Now, let **K** = **M**^{-½}**K****M**^{-½}, which is the modified stiffness matrix. At this point we obtain

**q**" - **K****q** = 0

This is an eigenvalue problem and can be solved directly, but to further simplify the problem, we can turn use some more substitution. First, we must diagonalize **K**, i.e. find a matrix **P**, such that **P**^{T}**K****P** = **D** where **D** is a diagonal matrix. Then let **q** = **P****r** so that

**P****r**" - **K****P****r** = 0

This time, left multiply by **P**^{T} so that:

**P**^{T}**P****r**" - **P**^{T}**K****P****r** = 0

**r**" - **D****r** = 0

With the problem simplified thusly, we can easily express the solutions to the equations of motion, since by changing coordinates from x_{i} to q_{i} and then to r_{i}, we've managed to decouple the systems completely (**D** is diagonal), so that we may write:

r"_{i} - λ_{i} r_{i} = 0

Writing λ_{i} = ω_{i}^{2}, where λ_{i} is the i^{th} eigenvalue of **K** and diagonal element of **D**, and where { ω_{i} } is the set of natural or resonant frequencies of the system. We can solve each of these equations independently, so that r_{i} = A_{i} cos(ω_{i}t + φ_{i}). Any general set of coordinates in which the system oscillates at a single frequency in each coordinate is called a set of normal coordinates. Thus {r_{i}} represent the normal coordinates for the system. We can get back our original coordinates by applying the transformations in reverse:

**x** = **M**^{-½}**q**

**q** = **P****r**

So,

**x** = **M**^{-½}**P****r**

The matrix **S** = **M**^{-½}**P** is called the matrix of modal shapes, since it encodes characteristic shape of each mode. Writing **x** = **S****r**, and denoting the column vectors of **S** as **S**_{i} we get that

**x** = A_{1}**S**_{1}cos(ω_{1}t + φ_{1}) +
A_{2}**S**_{2}cos(ω_{2}t + φ_{2}) +
A_{3}**S**_{3}cos(ω_{3}t + φ_{3}) + ...

Thus, the net displacement of each mass, the components of **x**, are linear superpositions of the displacements brought about by each mode of oscillation. For instance, in our example of three masses connected to eachother with springs, we would find that one mode for which **S**_{1} = [ -1,0,1 ] ^{T}. This mode is antisymmetric with the outer masses oscillating 90° out of phase with one another, and the inner mass remaining stationary. This mode has its own frequency ω_{1} and is independent of and uninfluenced by the other modes.

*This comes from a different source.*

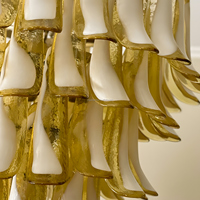 Lustre en verre soufflé à la main, style médiéval français, dégradé blanc à ambre, avec structure en fer plaqué et pendentifs en pétales superposés, idéal pour hall d'escalier de villa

In order to solve the problem in its entirety, then, we need determine the values of A_{i} and φ_{i}. This can be done as long as the initial conditions for the system are given, or any other independent conditions that fix these constants. Normally the initial conditions are given in terms of the system's initial displacements and velocities.

In the above development we used an approach that allowed us to find both the modal shapes and natural frequencies. If we were only after the frequencies ω_{i} we would have used the equation **M****x**" - **K****x** = 0 directly, by assuming that x_{i} was of the form A_{i} cos(ω_{i}t + φ_{i}). In this method we consider each mode separately, by assuming that the amplitudes of all the other modes are zero (by some appropriate initial conditions). We can then substitute into the above equation to obtain

ω_{i}^{2}**M****x** + **K****x** = 0

(ω_{i}^{2}**M** + **K**)**x** = 0.

Since non-trivial solutions require that det(ω_{i}^{2}**M** + **K**) = 0, we can find { ω_{i} } as the roots of the characteristic equation.